Victoria Waterfield is a fictional character played by Deborah Watling in the long-running British science fiction television series Doctor Who. A native of Victorian England, she was a companion of the Second Doctor and a regular in the programme from 1967 to 1968. Only two complete serials to feature her exist in the BBC archives (The Tomb of the Cybermen and The Enemy of the World). DVDs of her adventures The Evil of the Daleks, The Ice Warriors, The Web of Fear and Fury from the Deep were also released, where official BBC reconstructions complete the missing episodes of those serials. Watling reprised her role in the spin-off Downtime and a few audio dramas, one of which featured her as a temporary assistant to the Sixth Doctor. Victoria appeared in 7 stories (39 episodes).

Casting
According to the short BBC Video documentary The Dalek Factor about the making of the story, released in September 2021 as part of the animated restoration of the serial, Denise Buckley was cast in the role of Victoria Waterfield by director Derek Martinus. The production team had been hoping that Pauline Collins would continue in the role of Sam Briggs, that she had played in the previous story The Faceless Ones, but had created Victoria as a potential ongoing character should Collins decline. When Collins confirmed she did not want to join the regular cast, it was decided to introduce Victoria as the new companion and Denise Buckley was released, but paid in full, with Deborah Watling replacing her as a more suitable actress for the continuing role.

Character history
Victoria first appears in the 1967 serial The Evil of the Daleks. She is the daughter of widowed scientist Edward Waterfield (played by John Bailey), who in 1866 is experimenting with time travel and has attracted the attention of the Daleks. In order to assure Waterfield's collaboration with their capture of the Doctor and their experiments with the Human and Dalek Factors, the Daleks with the help of Theodore Maxtable took Victoria as a prisoner. To measure his emotional responses, they then manipulated Jamie McCrimmon into rescuing her, although they ultimately re-captured her and took her to Skaro. At the conclusion of the adventure, Waterfield is killed saving the Doctor's life, and asks him to take care of Victoria. The Doctor and Jamie take her in as part of the TARDIS crew.

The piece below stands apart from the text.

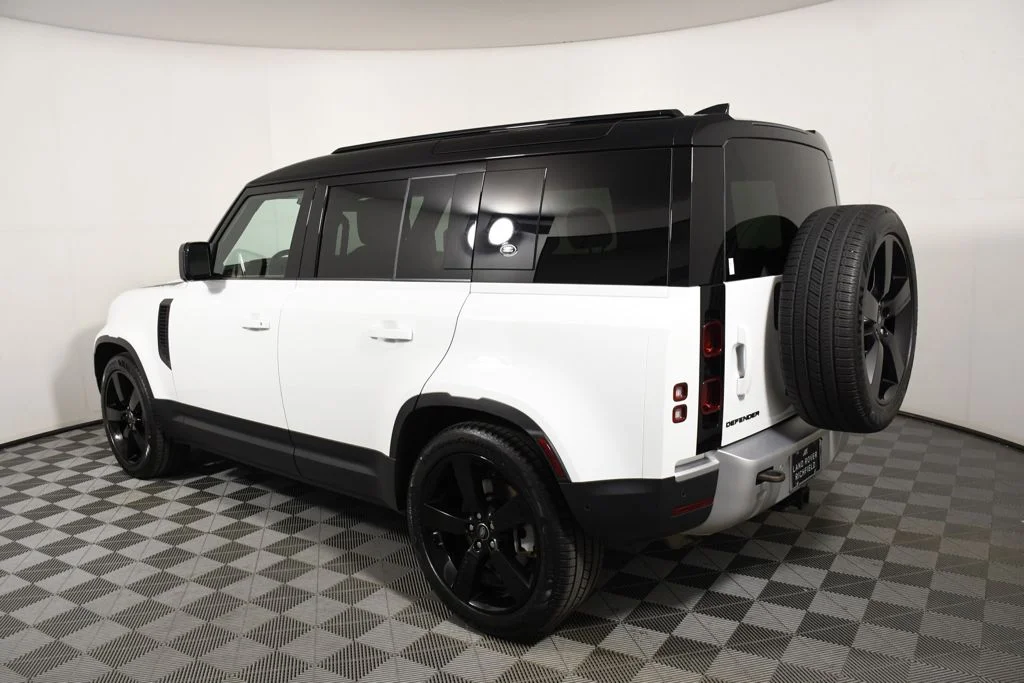 Used 2023 Fuji White Land Rover S image 3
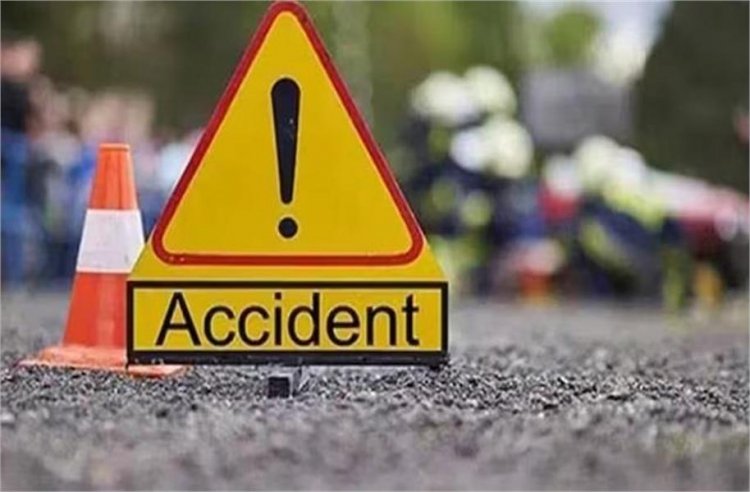 एक ही बाइक पर थे 5 लोग, अनियंत्रित बोलेरो ने रौंदा; 3 साल की बच्ची की मौत, 4 घायल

On the outside, Victoria is a typically fragile lady of her era, frequently screaming when faced with the creatures the Doctor and his companions encounter in their travels, such as the Cybermen and the Yeti. However, this exterior hides an inner strength that crops up when needed. Victoria may be young, but she has an instinct for when she is being lied to, and her sensibility is a contrast to the recklessness of Jamie and the curiosity of the Doctor. Jamie, in particular, is very protective towards and fond of Victoria, and is heartbroken when she chooses to leave.

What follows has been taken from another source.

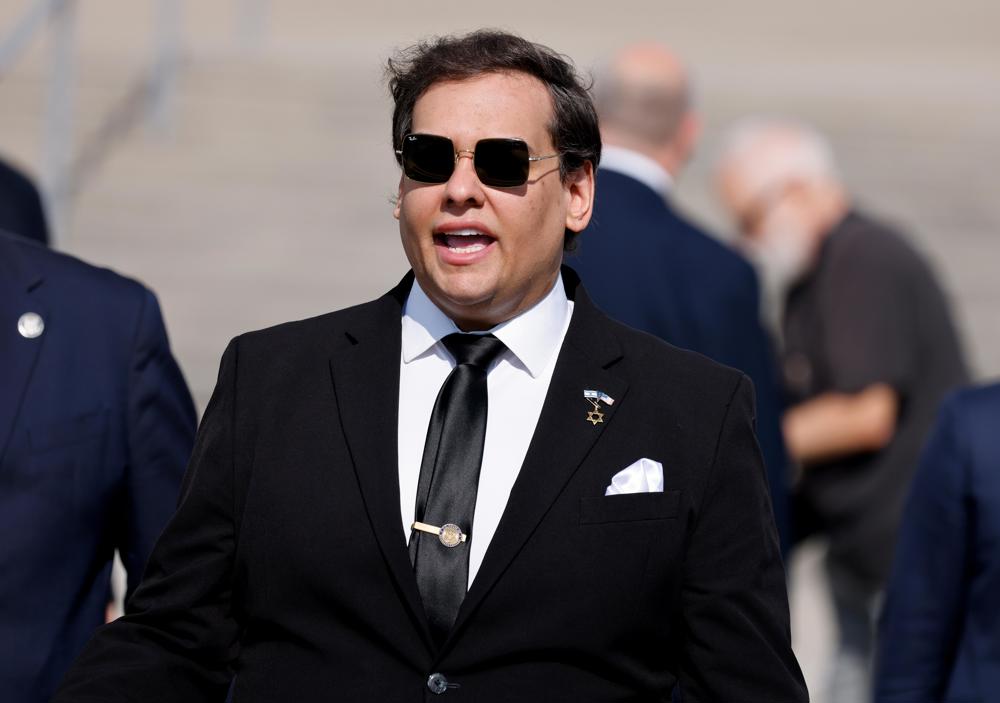 George Santos, ex-deputado dos EUA filho de brasileiros, deve se entregar nesta sexta-feira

Despite being a good match to her two companions, Victoria eventually finds herself unsuited to extended travel with the Doctor. At the conclusion of the serial Fury from the Deep, she decides to leave the TARDIS, settling with a family named Harris in the 20th century. Her subsequent life is not shown in the television series. She is mentioned, but not seen to be travelling with the Second Doctor in the 1985 serial The Two Doctors.

Other appearances
Victoria's life after leaving the TARDIS is not explored in the series. The video release Downtime (1995) and its 1996 novelisation by Marc Platt as part of the Virgin Missing Adventures range, reveals that she struggles to adapt to twentieth century life and eventually returns to the Detsen monastery in Tibet, where she again falls under the influence of the Great Intelligence, now trapped on Earth after the end of The Web of Fear. The Intelligence manipulates Victoria into founding New World University, with the money left to her by her father (via a new will he drew up whilst working for the Daleks in 1866), where Victoria serves as Vice Chancellor and the possessed Professor Travers as Chancellor. Using the university's computers, the Intelligence seizes control of the internet and creates new Yetis. Realising she has been misled, Victoria helps Brigadier Lethbridge-Stewart and Sarah Jane Smith defeat it. She is then approached by both the Fourth and Third Doctors, but chooses not to travel with them.

The 1993 Children in Need campaign featured a short Doctor Who/EastEnders crossover called Dimensions in Time. In a story involving the various incarnations of the Doctor meeting up with various companions, Victoria ends up alongside the Third Doctor (Jon Pertwee) as they make their way back to the TARDIS after finding out that the culprit behind all the confusion is the Rani (Kate O'Mara). Watling had suffered a broken arm prior to filming, and so wore a long cloak to conceal her cast.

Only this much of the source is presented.